The canteen will run at Alappuzha Gender Park, situated near iron bridge, Vandanam. Seventeen trans-women will manage the operations of the canteen. Commenting on the initiative, Alappuzha municipal corporation secretary Jahangir S told Onmanorama that the corporation and the NBTRS authorities have immense pride to open a new chapter in the history of Nehru Trophy by including transgender citizens in its organising team. The NBTRS has appointed over 100 green protocol volunteers for the event, including students and civilian groups.
The society has also issued jerseys for the volunteers coloured red, green, yellow, blue and black. Special ramp and seating arrangement for differently-abled audience, snacks and comfort-seating for senior citizens and more number of comfort stations as compared to last year are some other highlights of this edition of the boat race.
The Kerala Tourism postponed the boat race, which was scheduled to be held on August 11, due to the floods that ravaged the state. High water level in Punnamada Lake and torrential downpour forced the department to postpone the event. The unexpected rescheduling of the annual grand fair has compelled the NTBRS to cut down on some of the facilities.

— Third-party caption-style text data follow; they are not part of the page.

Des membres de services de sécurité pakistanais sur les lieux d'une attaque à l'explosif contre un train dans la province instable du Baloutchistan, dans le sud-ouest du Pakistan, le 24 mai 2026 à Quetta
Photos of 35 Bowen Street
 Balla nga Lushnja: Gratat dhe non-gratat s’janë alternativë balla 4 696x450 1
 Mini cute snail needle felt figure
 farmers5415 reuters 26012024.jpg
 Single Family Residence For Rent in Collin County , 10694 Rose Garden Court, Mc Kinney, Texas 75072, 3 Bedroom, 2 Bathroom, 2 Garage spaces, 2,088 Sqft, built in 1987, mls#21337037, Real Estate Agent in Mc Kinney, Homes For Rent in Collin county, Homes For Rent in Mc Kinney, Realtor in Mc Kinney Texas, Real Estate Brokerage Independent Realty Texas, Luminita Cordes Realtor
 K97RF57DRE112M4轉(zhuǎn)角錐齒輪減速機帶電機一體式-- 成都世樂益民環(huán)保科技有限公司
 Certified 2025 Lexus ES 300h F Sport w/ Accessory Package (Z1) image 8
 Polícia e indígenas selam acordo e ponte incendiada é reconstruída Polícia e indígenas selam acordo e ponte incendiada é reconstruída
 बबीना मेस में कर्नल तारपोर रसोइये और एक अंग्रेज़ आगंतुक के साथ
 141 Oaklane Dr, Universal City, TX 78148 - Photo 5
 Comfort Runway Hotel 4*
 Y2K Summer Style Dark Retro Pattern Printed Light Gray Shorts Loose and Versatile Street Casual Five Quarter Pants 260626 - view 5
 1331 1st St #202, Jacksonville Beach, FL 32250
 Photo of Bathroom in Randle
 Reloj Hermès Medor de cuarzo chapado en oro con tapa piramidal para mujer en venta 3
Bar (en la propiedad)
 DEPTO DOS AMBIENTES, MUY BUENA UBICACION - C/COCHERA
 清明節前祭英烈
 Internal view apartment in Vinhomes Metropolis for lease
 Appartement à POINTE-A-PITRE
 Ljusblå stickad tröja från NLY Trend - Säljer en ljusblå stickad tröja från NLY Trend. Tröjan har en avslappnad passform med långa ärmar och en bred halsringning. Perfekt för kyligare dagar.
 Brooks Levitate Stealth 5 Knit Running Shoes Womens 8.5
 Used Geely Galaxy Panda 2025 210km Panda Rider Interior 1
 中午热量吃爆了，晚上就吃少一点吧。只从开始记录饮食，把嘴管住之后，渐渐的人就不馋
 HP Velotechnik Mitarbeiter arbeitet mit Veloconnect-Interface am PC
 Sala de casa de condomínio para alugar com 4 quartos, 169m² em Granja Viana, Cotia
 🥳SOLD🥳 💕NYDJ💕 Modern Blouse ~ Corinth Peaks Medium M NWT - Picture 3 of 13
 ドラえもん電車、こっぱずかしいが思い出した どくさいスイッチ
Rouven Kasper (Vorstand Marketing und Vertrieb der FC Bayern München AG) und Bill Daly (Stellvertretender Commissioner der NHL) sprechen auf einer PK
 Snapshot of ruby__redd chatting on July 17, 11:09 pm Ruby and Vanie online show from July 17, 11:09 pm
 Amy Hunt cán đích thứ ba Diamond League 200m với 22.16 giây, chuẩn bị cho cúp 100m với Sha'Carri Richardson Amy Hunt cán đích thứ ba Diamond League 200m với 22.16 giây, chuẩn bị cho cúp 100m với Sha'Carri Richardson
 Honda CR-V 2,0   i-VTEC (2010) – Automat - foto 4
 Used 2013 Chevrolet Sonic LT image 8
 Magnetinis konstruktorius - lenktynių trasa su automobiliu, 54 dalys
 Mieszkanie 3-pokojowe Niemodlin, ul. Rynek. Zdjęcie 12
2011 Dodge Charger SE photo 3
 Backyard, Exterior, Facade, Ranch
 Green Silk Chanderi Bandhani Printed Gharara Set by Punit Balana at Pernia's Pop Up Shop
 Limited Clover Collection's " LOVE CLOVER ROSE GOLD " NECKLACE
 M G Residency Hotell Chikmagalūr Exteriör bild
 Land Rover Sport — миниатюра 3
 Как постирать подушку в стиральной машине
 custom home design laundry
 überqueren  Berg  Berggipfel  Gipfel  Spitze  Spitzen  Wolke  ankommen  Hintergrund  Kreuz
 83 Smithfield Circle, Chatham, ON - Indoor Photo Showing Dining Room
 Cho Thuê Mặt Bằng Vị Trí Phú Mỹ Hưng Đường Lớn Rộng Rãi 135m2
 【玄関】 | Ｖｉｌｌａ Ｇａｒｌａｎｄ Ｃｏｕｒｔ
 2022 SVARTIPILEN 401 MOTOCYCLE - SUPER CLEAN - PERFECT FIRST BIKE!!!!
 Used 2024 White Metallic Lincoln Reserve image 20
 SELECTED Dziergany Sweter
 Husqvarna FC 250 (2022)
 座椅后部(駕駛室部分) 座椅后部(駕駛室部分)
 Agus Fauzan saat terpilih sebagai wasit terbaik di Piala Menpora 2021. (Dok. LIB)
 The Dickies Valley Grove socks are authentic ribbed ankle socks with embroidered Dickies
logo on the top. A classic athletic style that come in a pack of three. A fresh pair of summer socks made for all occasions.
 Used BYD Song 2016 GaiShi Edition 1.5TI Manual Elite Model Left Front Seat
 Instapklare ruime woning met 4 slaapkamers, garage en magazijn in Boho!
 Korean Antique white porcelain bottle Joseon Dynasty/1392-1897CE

Alappuzha municipal corporation authorities said that the plans for managing plastic waste and drinking water distribution have been revisited in view of cost reduction. The green protocol team had earlier decided to impose fees for carrying disposable plastic containers into the gallery. Reusable containers and bags were decided to be allowed based on a token amount, which would be refunded on exit. The NTBRS had also made arrangements to distribute drinking water to the audience in steel vials on demand. But according to the new arrangements, the society cut short its expense by canceling its free drinking water plan. Spectators would be allowed to carry drinking water into the gallery by paying a token amount, which will be reimbursed if they take their plastic container back with them. The gallery will have at least 100 waste-collection bins, placed in every 30 metres.
A gender-neutral event
“It has been a dream of mine to watch the Nehru Trophy and contribute to the fair as I can. Fear of harassment and misbehaviour from the crowd held me back from going to the gala event. This time, I made it a point to do all what I can to make my dream come true. I approached Kudumbasree unit president first, who directed me to Krishna Teja IAS. After a pleasant meeting with him, I met Alappuzha district collector S Suhas to put forward my suggestion. All of them welcomed my idea with great joy and respect,” Arunima told Onmanorama.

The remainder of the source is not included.